As you can see, it’s been quite the rise for Portland in the last year both in a growing number of destinations and frequencies after a long period of stagnation:

Alaska Departures and Destinations from Portland (PDX)

Data via Cirium

Alaska recently turned Portland into a more banked schedule, and it’s working well, Kirsten tells me. The results in PDX have been strong, so they just keep adding. Some of these are markets that have been served before. Some are not. But PDX seems to be really having a moment for Alaska right now.


With all of this growth, there had to be losers. Kirsten wanted to stress to me that the cuts that are coming in both Los Angeles and San Francisco are all about opportunity. It’s not that they wanted to leave these markets, but they really wanted to bulk up PDX and SAN. With only six B737s coming next year, they had to make hard decisions. So, they’ve thought about this strategically, trying to focus on markets that can be sacrificed.
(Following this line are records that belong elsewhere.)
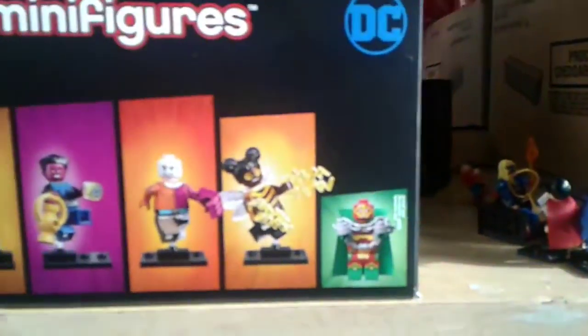Now remember this side — in the last video I showed you what the full box looks like and what the minifigure pack side looks like. Here's the box front, here's the side, here's the back, and here's the other side.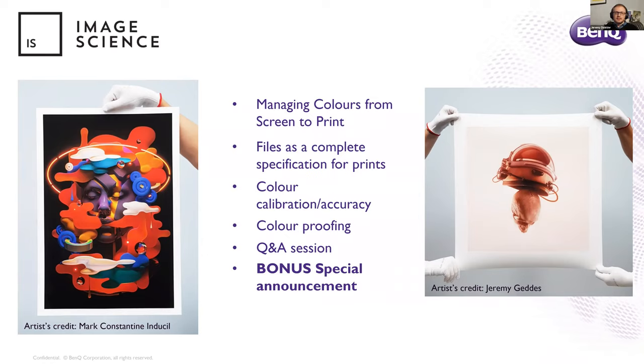Hi everyone. My name is Jeremy Daldar, and I'm the co-owner with my wife of Image Science. Based on having a quick look at the participants, many of you are customers, friends and colleagues — welcome, it's nice to be with you. Hopefully you will find something of interest tonight. One of the hardest things about doing a talk like this is always picking the level at which to pitch it. I have probably erred on the side of simpler rather than complicated, because colour is, without doubt, one of those things you can get very complicated very quickly.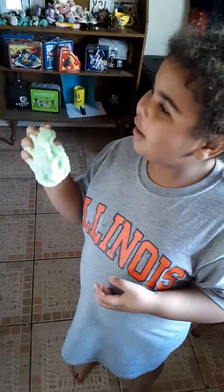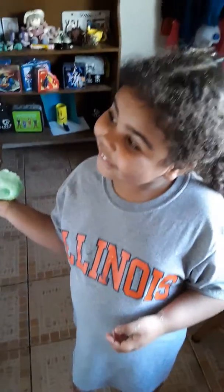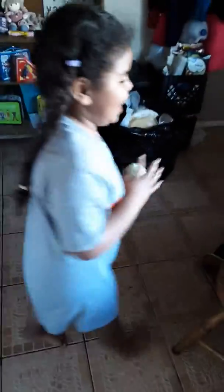Oh, and what's it for? Celebration slime for a certain holiday? It's for... St. Patrick's Day. Yeah. It's a bit close in the dark, right? Yeah.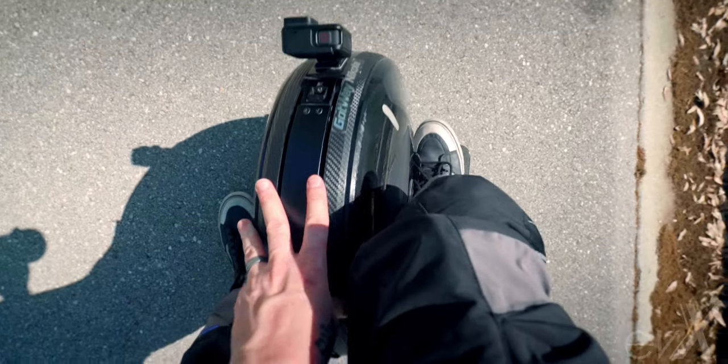A lot of these wheels have riding modes — soft, medium, and hard mode, which is what Gotway calls it. King Song calls it beginner, intermediate, and advanced. These modes dictate how the motor responds. My favorite is soft mode, because when you lean to speed up or slow down, the wheel actually leans with you, whereas in hard mode it stays stationary. Soft mode is more powerful and more beneficial for aggressive stopping. It might also help when you're first starting out if you're having trouble moving forward, because it will start to tilt you in that direction.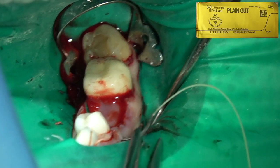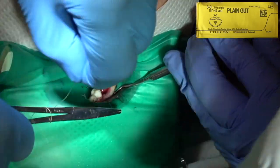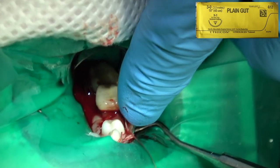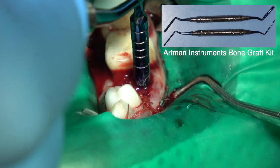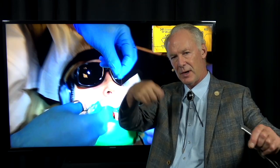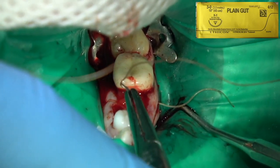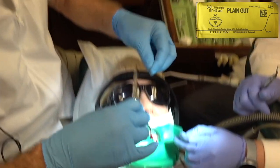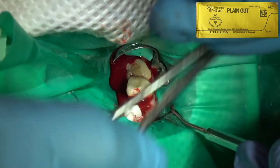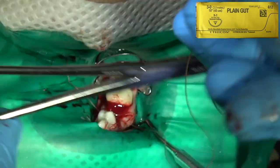This is 3-0 plain gut suture — it'll dissolve in three to seven days. Don't blanch the tissue because you don't want it to pull through; just snug. I'll place three sutures. Key point with suturing: once you place the suture through and you're tying it, go one, two, three away from you, then one towards you, then one wrap away from you. If you just go one, two away it won't stay snug — it'll loosen. Going one, two, three — keeping the suture rather tall as you do that — then one and one makes it really tight. Try to place the knot on the side of the incision, not right over the extraction site, because it'll accumulate food debris and plaque.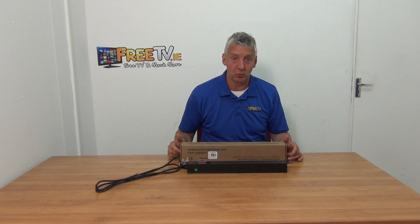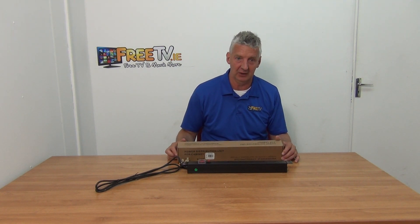I have in front of me a six-way power distribution unit. It's rack-mountable, 19-inch, and it's available with standard delivery from freetv.ie.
What do I mean by that? Well, Kirsten noted that these are markets that have multiple competitors already. If Alaska leaves, it doesn’t create a vacuum. The airline can always go back in again in the future if it deems them worthy. It saw this as the lowest risk markets to leave in order to fund the growth elsewhere.

Los Angeles the Leisure Market

In LA, I was surprised to hear Kirsten describe the focus as being on the leisure market in the West and to Hawaiʻi. But sure enough, that is how Alaska is thinking about the LA market these days. It’s a far cry from Virgin America’s efforts before they were bought. There are a few things that will be moving in LA with some more minor trims. But what caught my eye was this.
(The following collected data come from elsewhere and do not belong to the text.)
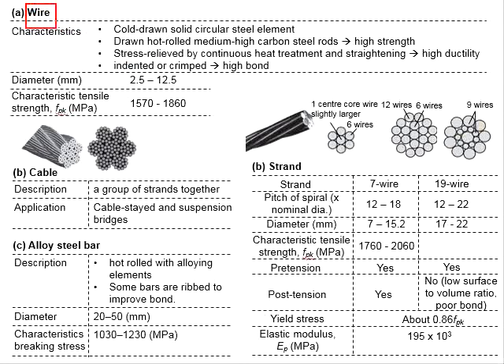The wires are the cold-drawn steel element, which is circular in cross-section, and its diameter usually ranges within 2.5 to 12.5 mm. It is produced by drawing the hot-rolled medium to high-carbon steel rod through dies to produce wire of the required diameter.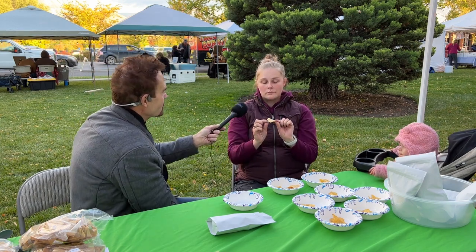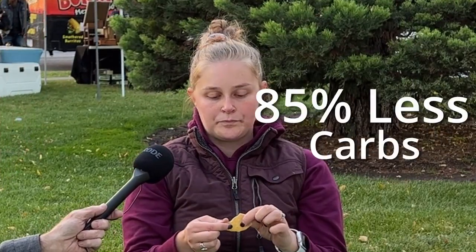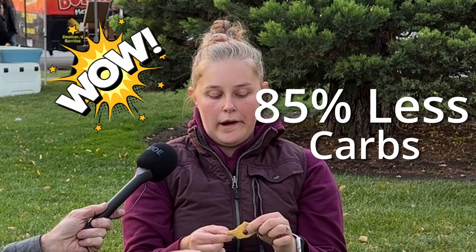What would you say if I told you that with this diet chip there's zero fat in it, it's fried, and it has 85% less carbs? That's amazing.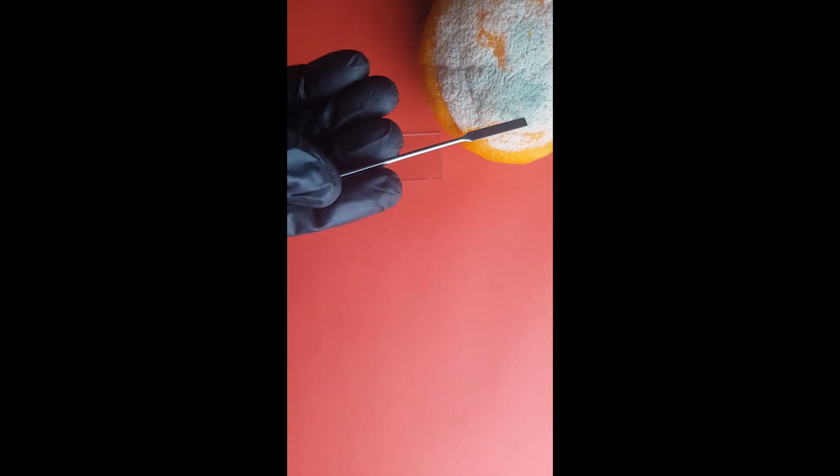This type of fungus infects citrus particularly after harvest, when the skin is broken.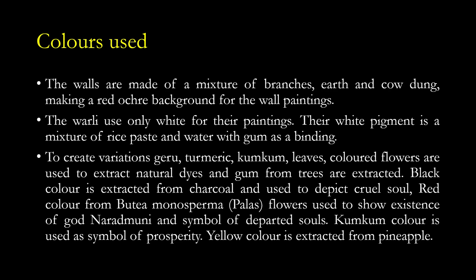Their white pigment is a mixture of rice paste and water with gum as a binding agent. To create variation, geru, turmeric, kumkum, leaves, and coloured flowers are used to extract natural dyes, and gums from trees are extracted. Black colour is extracted from charcoal and used to depict cruel souls — so black is related to negativity in Verli tradition. Red colour from Butea monosperma — the palash flower — is used to show the existence of god Naradmuni and as a symbol of departed souls. Kumkum colour is used as a symbol of prosperity.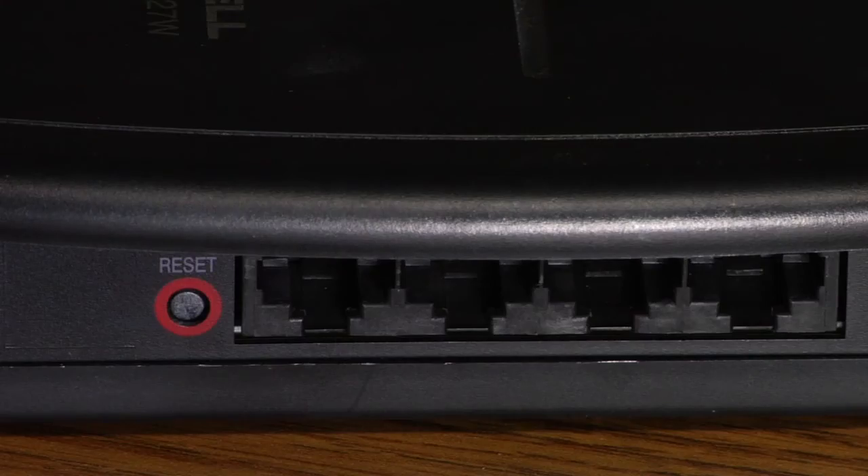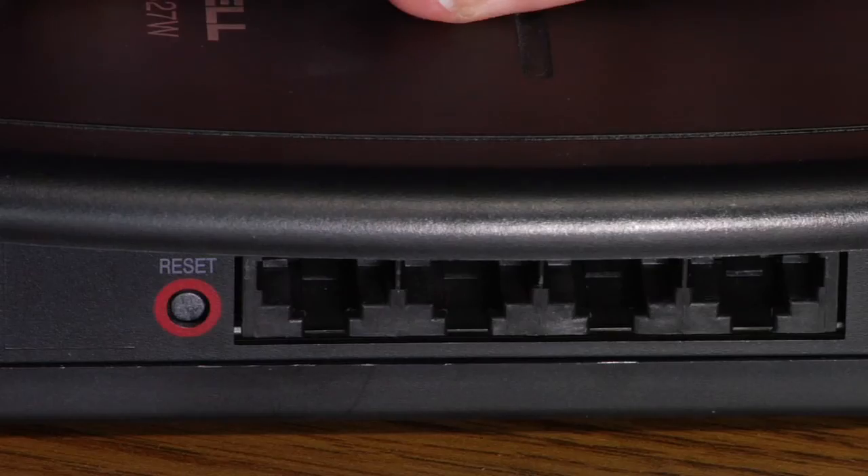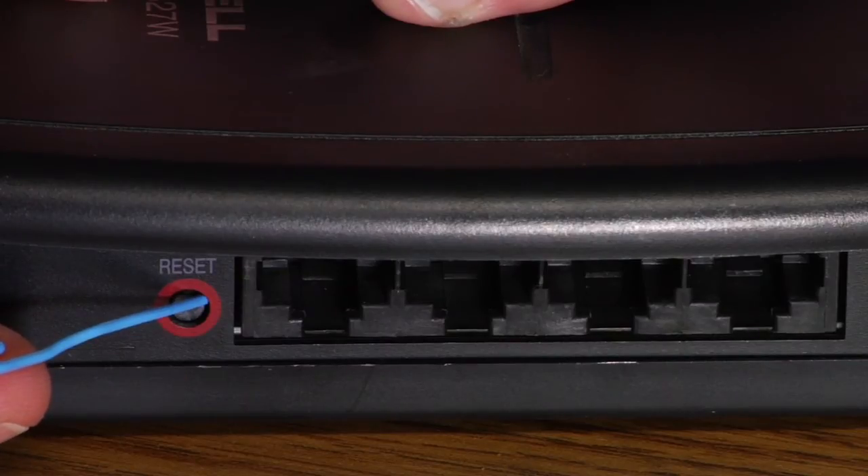Most routers out there will have a small reset button somewhere on the unit, either on the bottom or the back of the machine. This is something that you may be able to press by hand, but it's usually something you'll have to access with either a pen or a paper clip. You simply hold this reset button in for 30 seconds, and after 30 seconds, it resets the router back to factory default settings.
Alaska is pulling out of LA to Las Vegas, Reno, and San Jose. The Embraers are getting cut back, and that makes sense. As LAX gets more and more expensive, it gets tougher to make money on a 76-seat jet in competitive markets where you aren’t going to get that high fare.

It’s not all doom and gloom. At the same time, the Embraer 175 will also leave LAX – San Francisco. That is a market that matters for Alaska, but it needs better seat economics. But there are more cuts.

LAX to Newark drops from 3x to 1x daily, and there are frequency cuts to both Los Cabos and Puerto Vallarta. Cancún will go away during summer as well. These are leisure markets, but they are off peak. They’ll come back stronger in the winter. In the meantime, there will be a second daily LAX – Kahului during peak summer.

San Francisco Keeps a Western Focus

Up in San Francisco, the cuts just feel deeper. Kirsten says that they asked, “where do our Atmos elites fly? Top 10 destinations? We made sure we kept those.”

Hawaiʻi again does well with Kona and Līhuʻe going from a split 1x daily between the two of them to each operating 1x daily. But SFO does lose Austin, Boston, Burbank, and Newark with Orlando becoming summer-only. It sounds to me like Alaska is still trying to figure out who it wants to be in SFO when it grows up. For now, it has more important markets to watch.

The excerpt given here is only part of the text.